13 thoughts on “April Watchlist

  1. A Life in Books says:

    We had a tense Saturday evening last week watching Boiling Point! Glad to hear you rate the Atkinson adaptation. I was saving it for when I get back from holiday although I wasn’t entirely looking forward to it but now I can. And I loved The Split. Totally addictive!

  2. Calmgrove says:

    We’re watching the Atkinson adaptation too, and though this isn’t one of hers I’ve read (yet) it’s drawn me in as well as making me angry at my fellow males. We’re also watching Anatomy of a Scandal which although risible at times also makes me very ashamed to share a gender with so many unspeakable men.

    Otherwise we enjoy a good half-hour comedy (Derry Girls, Not Going Out and/or funny quiz show (#HIGNFY, #WILTY and one or two others – makes a break from the news…

    • AnnaBookBel says:

      Ah! I knew there was another series I’d watched which was risible – might have to add it in above. Sienna Miller was good in it though.

      • Calmgrove says:

        We’re only three episodes in but looking forward to the inevitable car-crash ending! So long as there are no more sick-making camera angles on offer…

  3. Laura says:

    That’s the second recommendation I’ve seen for Boiling Point, definitely keen to watch! I enjoyed CODA but it went a bit Hollywood for me and I was sorry that the Deaf characters were not the protagonists. If all the stupid camera work had been cut from Anatomy of a Scandal it would have been so much better – bar those bits, I certainly enjoyed it a lot more than the book which I thought was very clunkily written.

    • AnnaBookBel says:

      The silly camera work was rather patronising to the viewer I thought. Sienna Miller was good though. You must watch Boiling Point – very tense – very worth it.
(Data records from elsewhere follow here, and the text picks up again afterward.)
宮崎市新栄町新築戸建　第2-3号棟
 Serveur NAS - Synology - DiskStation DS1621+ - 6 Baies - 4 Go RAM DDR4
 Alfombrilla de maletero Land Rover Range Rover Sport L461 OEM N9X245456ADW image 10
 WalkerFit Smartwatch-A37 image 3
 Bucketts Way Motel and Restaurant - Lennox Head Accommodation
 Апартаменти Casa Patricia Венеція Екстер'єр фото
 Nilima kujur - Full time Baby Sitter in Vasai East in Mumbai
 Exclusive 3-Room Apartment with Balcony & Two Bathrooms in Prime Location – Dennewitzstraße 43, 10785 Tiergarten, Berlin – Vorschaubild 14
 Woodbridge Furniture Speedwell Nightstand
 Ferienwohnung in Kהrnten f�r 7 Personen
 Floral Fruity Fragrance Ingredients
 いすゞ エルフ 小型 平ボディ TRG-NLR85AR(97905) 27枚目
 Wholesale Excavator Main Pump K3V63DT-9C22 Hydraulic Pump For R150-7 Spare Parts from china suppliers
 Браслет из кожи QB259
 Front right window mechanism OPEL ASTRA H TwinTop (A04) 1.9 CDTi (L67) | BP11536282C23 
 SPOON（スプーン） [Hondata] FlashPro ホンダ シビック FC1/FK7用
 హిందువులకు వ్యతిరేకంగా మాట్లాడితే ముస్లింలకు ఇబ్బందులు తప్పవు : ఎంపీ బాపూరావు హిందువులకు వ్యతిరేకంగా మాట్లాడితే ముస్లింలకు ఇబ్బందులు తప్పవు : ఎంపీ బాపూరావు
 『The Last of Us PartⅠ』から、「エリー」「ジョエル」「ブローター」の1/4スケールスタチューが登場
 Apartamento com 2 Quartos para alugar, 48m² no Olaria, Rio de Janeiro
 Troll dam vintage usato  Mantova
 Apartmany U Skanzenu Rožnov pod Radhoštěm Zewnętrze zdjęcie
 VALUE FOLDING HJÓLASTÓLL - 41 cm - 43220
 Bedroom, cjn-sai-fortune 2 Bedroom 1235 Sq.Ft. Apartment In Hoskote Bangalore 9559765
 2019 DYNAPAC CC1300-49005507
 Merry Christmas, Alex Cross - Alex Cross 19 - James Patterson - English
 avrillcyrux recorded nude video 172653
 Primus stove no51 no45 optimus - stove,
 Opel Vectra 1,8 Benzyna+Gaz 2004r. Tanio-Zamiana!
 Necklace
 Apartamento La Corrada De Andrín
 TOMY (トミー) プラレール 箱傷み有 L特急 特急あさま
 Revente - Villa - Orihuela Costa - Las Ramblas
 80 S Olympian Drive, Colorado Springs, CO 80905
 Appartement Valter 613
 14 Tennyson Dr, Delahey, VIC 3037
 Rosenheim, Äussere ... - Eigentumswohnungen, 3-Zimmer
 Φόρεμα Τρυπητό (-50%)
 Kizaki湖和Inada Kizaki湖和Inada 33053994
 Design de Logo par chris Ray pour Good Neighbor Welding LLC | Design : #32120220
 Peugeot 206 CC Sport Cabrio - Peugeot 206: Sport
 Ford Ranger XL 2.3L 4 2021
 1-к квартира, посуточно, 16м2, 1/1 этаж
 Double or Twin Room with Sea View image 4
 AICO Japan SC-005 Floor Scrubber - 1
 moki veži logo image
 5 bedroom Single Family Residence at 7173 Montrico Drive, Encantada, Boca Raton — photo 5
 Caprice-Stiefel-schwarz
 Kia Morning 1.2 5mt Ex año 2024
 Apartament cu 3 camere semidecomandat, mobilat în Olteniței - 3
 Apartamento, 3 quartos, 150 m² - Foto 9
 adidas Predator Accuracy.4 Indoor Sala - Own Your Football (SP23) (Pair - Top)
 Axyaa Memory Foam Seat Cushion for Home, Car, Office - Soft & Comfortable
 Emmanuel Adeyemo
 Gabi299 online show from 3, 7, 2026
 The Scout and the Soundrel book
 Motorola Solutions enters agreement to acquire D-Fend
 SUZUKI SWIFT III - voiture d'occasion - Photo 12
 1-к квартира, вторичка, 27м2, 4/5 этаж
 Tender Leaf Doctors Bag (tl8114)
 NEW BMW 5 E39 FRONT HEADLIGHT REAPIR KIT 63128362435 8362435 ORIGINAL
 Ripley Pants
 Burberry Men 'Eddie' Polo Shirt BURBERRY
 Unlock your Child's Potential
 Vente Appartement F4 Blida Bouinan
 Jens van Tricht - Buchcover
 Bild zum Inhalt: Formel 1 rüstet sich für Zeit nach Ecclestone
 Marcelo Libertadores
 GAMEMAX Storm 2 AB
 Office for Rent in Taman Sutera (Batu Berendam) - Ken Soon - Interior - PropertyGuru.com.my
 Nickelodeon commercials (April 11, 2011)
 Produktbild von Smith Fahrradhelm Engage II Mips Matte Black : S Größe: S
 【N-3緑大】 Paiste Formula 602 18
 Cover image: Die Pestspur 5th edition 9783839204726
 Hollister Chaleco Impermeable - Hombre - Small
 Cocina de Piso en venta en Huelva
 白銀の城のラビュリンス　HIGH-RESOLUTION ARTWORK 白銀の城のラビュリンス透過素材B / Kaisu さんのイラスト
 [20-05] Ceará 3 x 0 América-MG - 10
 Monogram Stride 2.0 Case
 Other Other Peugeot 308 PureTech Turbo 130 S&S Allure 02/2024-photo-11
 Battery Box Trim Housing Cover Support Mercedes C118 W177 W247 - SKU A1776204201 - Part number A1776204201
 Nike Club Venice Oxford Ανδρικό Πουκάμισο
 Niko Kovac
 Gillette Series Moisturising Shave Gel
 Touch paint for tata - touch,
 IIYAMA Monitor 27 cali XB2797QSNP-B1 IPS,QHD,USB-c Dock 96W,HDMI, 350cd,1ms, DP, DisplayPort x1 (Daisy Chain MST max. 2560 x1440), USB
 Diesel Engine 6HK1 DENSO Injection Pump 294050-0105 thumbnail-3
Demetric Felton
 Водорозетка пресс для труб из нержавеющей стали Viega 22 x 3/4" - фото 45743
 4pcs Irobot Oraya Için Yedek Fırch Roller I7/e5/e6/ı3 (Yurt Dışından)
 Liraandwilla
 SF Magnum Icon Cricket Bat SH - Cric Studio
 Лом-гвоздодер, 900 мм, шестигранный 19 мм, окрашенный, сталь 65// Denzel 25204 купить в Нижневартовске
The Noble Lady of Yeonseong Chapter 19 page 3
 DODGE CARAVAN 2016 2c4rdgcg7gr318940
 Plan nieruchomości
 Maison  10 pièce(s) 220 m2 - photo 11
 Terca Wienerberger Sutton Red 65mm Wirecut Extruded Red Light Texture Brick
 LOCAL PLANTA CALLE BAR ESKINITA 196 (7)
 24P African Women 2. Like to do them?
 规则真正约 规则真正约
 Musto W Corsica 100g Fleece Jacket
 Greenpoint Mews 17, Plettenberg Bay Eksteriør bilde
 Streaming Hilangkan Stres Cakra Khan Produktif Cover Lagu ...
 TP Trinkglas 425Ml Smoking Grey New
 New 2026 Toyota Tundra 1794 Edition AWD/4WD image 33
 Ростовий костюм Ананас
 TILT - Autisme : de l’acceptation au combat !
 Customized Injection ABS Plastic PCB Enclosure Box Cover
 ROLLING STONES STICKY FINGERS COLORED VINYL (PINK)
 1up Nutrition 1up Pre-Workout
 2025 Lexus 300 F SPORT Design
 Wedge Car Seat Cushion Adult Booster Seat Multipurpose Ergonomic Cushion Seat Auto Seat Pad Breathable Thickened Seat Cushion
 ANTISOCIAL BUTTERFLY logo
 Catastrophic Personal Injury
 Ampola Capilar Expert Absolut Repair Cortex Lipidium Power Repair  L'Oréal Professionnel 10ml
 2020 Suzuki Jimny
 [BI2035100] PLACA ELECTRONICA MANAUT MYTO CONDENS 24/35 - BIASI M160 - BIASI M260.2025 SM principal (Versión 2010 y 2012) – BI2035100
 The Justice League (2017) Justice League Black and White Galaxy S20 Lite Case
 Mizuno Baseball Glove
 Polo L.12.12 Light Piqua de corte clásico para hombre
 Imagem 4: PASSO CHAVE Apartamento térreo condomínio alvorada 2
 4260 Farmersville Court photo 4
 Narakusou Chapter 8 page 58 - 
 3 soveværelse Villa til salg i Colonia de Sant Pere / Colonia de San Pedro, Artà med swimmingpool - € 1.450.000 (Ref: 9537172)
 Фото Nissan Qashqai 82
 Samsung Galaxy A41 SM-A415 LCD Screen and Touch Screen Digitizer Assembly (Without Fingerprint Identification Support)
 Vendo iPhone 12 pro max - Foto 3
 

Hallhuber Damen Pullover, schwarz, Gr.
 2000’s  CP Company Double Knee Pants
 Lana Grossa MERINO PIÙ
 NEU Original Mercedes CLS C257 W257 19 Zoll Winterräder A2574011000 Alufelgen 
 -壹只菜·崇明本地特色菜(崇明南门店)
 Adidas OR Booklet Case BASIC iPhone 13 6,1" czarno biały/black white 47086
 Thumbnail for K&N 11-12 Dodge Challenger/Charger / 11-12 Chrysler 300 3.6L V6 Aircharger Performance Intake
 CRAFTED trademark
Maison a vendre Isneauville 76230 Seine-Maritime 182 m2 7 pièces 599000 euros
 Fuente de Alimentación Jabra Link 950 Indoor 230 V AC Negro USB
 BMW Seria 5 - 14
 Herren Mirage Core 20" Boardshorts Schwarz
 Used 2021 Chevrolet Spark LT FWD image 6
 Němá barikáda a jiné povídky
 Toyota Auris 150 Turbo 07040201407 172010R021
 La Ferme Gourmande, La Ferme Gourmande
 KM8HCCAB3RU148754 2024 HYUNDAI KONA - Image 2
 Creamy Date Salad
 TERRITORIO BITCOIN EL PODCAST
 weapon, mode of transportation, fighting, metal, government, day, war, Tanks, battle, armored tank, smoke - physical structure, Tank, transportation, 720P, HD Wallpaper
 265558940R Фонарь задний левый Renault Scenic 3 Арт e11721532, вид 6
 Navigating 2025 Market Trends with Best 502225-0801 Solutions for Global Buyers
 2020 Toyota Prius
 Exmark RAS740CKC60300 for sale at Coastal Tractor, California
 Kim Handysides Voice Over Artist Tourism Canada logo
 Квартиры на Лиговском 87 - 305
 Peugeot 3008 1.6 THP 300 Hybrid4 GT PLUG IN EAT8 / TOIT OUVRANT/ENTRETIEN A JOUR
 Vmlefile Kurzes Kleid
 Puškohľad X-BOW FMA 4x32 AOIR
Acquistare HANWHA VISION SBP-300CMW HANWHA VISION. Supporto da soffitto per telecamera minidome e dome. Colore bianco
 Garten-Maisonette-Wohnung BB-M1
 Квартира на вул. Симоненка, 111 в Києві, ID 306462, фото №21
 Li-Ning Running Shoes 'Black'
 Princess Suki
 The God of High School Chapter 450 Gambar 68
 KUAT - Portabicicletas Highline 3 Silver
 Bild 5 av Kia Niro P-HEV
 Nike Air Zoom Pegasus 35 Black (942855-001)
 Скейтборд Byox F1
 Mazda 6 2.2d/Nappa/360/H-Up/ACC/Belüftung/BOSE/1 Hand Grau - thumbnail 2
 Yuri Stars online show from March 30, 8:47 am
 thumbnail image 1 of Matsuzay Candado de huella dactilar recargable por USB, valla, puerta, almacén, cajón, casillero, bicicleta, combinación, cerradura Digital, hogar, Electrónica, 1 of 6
  4. madamebibilophile says:

    I do want to watch Boiling Point – Stephen Graham is wonderful in everything! I’d also queried the casting of Gary Oldman – much as I love him – now I’m wondering if I can get a trial of Apple TV+…

    • AnnaBookBel says:

      Graham was wonderful in Boiling Point – as were the rest of the cast. On Slow Horses, I was talking to Triona Adams who directed the Crime Fiction Weekend at the Ox Lit Fest after the Charlie Higson event, and we were of the same mind. But – given that I had a 3 month free trial, it was a no-brainer and he completely won me over. Apple offers a 7 day trial for all or 3 month if you buy an Apple product, so with 6 episodes you can easily watch it in a week – but you need to watch Ptolemy Grey too!

  5. Liz Dexter says:

    We’re back into Sewing Bee and Taskmaster, hooray! We watched the filmed stage play of the RSC’s new version of Much Ado About Nothing on TV over Easter and loved it.

    • AnnaBookBel says:

      Yay to Sewing Bee and I prefer Sara Pascoe to Joe Lycett. Esme has a memoir out I believe – would love to read that. Taskmaster is something I’ve so far missed, but I know people are addicted to it.

      • Liz Dexter says:

        Well I love Joe because he lives less than a mile from me so we kind of have to round here! But I liked Sara Pascoe in the first one. And yes, want to read Esme but fairly convinced I wouldn’t get to it till it was in pb anyway so restraining myself. Taskmaster is absolutely brilliant, so funny and fundamentally silly and kind.